Retype exactly the lines of the listing below from the one with "DreamBid. Изображение 1." through the last, both included, and leave every picture out.

**INPUT RECORDS**
▼▼▼

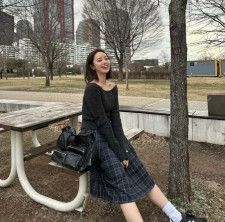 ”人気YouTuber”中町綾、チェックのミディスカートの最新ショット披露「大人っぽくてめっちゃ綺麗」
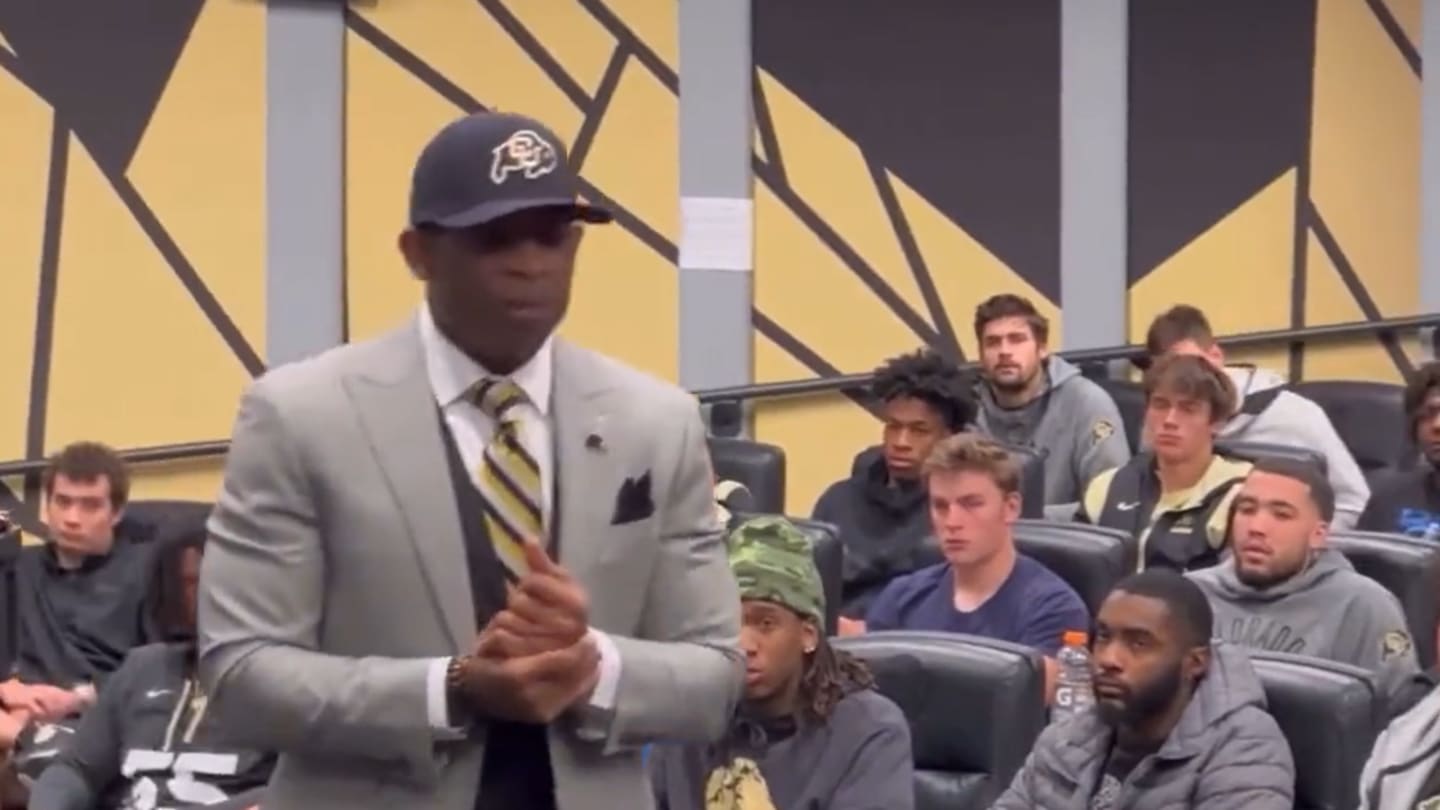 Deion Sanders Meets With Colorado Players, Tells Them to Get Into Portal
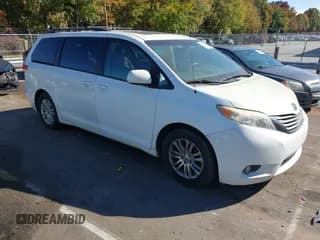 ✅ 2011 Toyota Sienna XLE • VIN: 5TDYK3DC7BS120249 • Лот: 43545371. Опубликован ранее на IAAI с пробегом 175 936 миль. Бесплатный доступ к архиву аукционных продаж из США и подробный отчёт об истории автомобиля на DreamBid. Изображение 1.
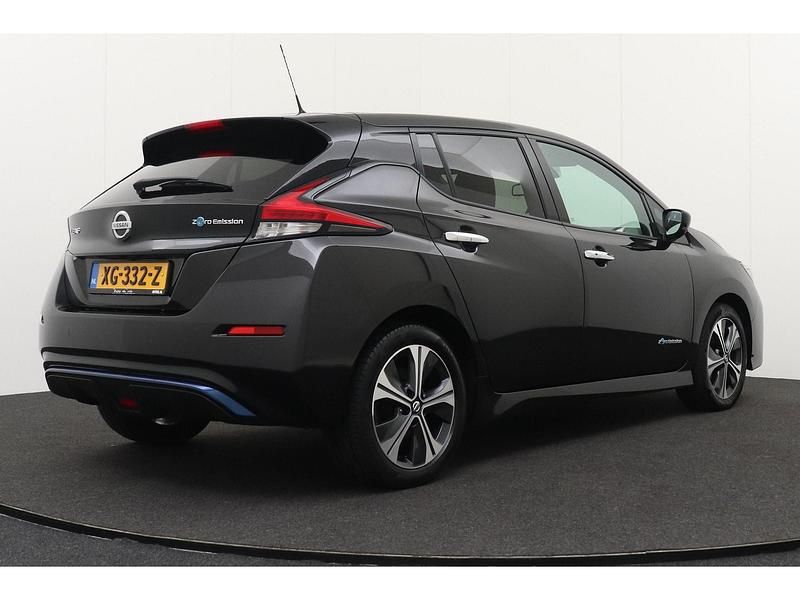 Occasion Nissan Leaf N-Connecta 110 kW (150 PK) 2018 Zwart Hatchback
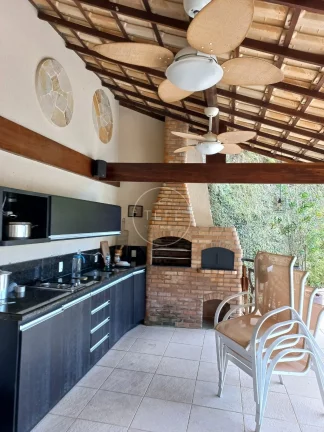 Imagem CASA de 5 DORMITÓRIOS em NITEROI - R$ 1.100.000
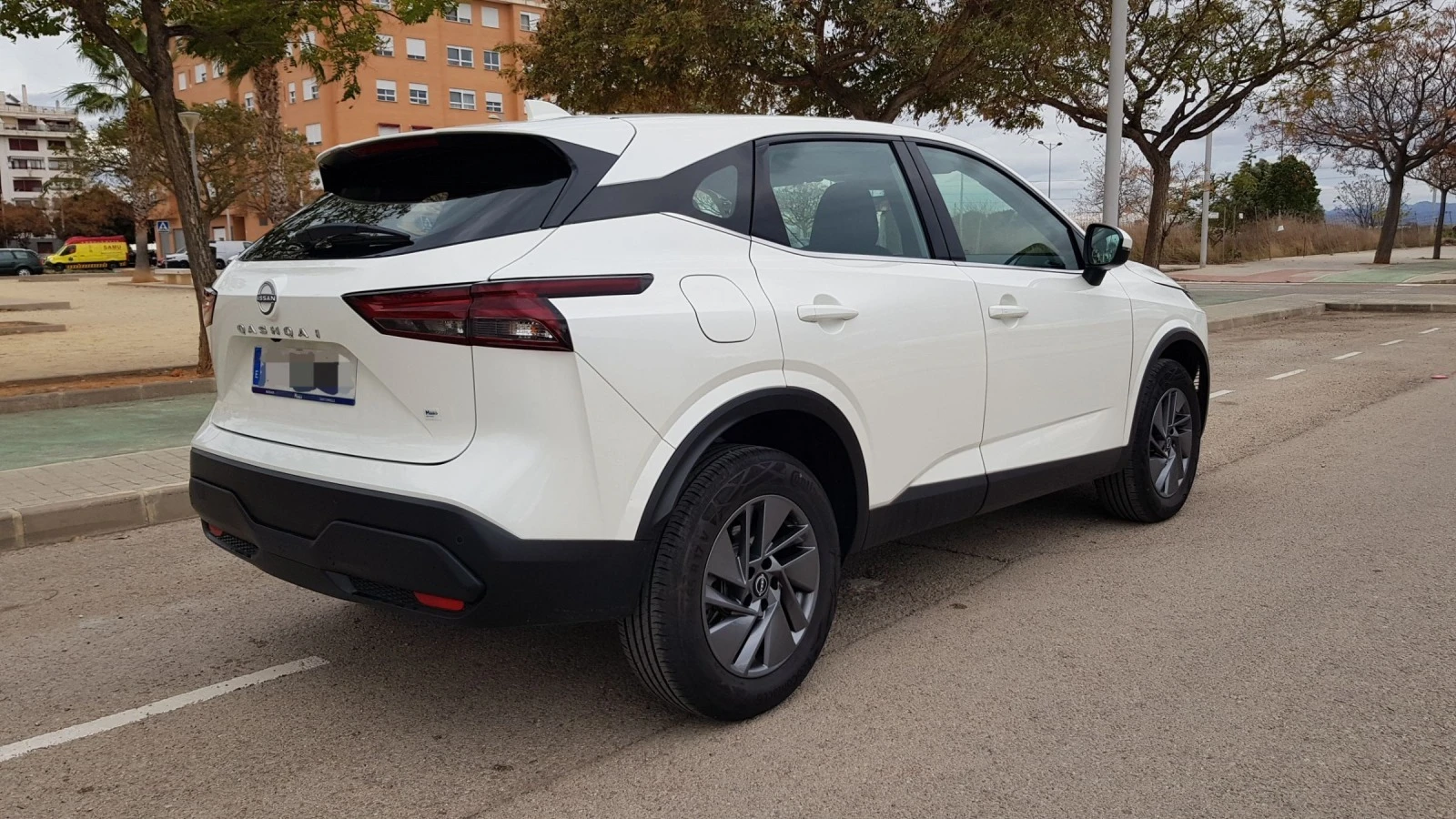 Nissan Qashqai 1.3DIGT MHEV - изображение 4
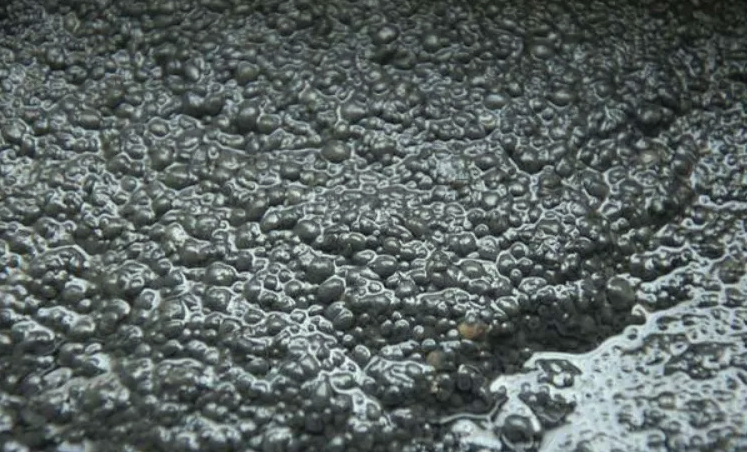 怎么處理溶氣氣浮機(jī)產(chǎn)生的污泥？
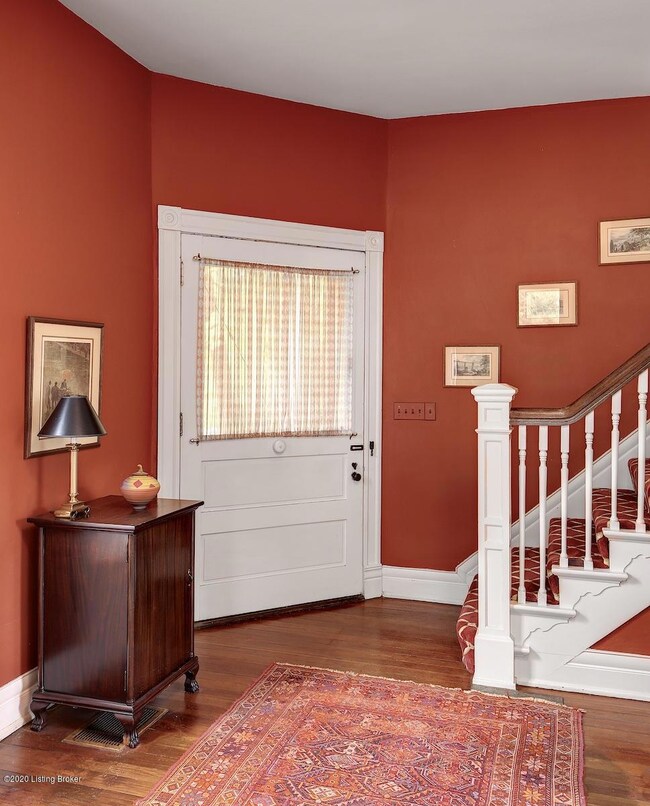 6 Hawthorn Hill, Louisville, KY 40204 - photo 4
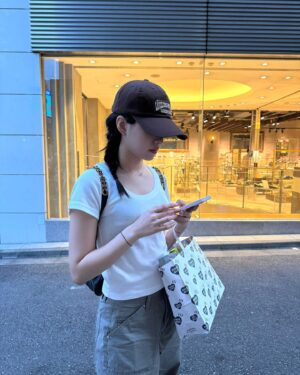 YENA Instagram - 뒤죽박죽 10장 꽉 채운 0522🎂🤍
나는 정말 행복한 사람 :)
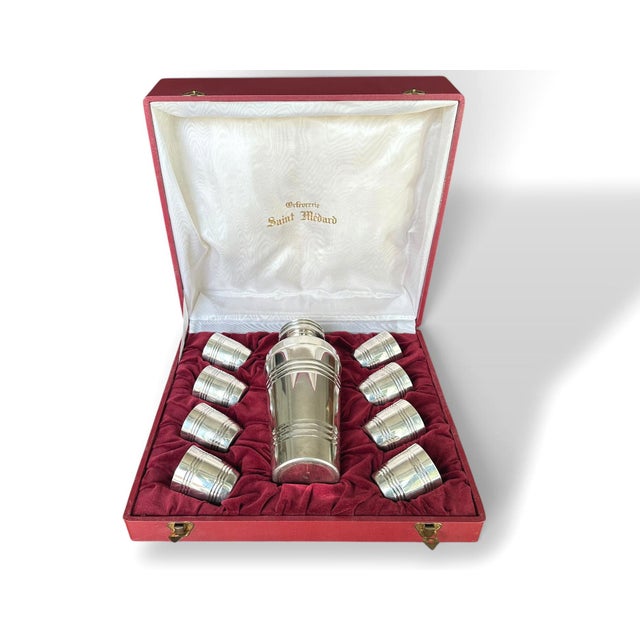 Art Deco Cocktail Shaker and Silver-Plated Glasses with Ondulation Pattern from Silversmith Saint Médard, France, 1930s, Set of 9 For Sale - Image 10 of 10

▲▲▲

**FINISHED TASK**
 ✅ 2011 Toyota Sienna XLE • VIN: 5TDYK3DC7BS120249 • Лот: 43545371. Опубликован ранее на IAAI с пробегом 175 936 миль. Бесплатный доступ к архиву аукционных продаж из США и подробный отчёт об истории автомобиля на DreamBid. Изображение 1.
 Occasion Nissan Leaf N-Connecta 110 kW (150 PK) 2018 Zwart Hatchback
 Imagem CASA de 5 DORMITÓRIOS em NITEROI - R$ 1.100.000
 Nissan Qashqai 1.3DIGT MHEV - изображение 4
 怎么處理溶氣氣浮機(jī)產(chǎn)生的污泥？
 6 Hawthorn Hill, Louisville, KY 40204 - photo 4
 YENA Instagram - 뒤죽박죽 10장 꽉 채운 0522🎂🤍
나는 정말 행복한 사람 :)
 Art Deco Cocktail Shaker and Silver-Plated Glasses with Ondulation Pattern from Silversmith Saint Médard, France, 1930s, Set of 9 For Sale - Image 10 of 10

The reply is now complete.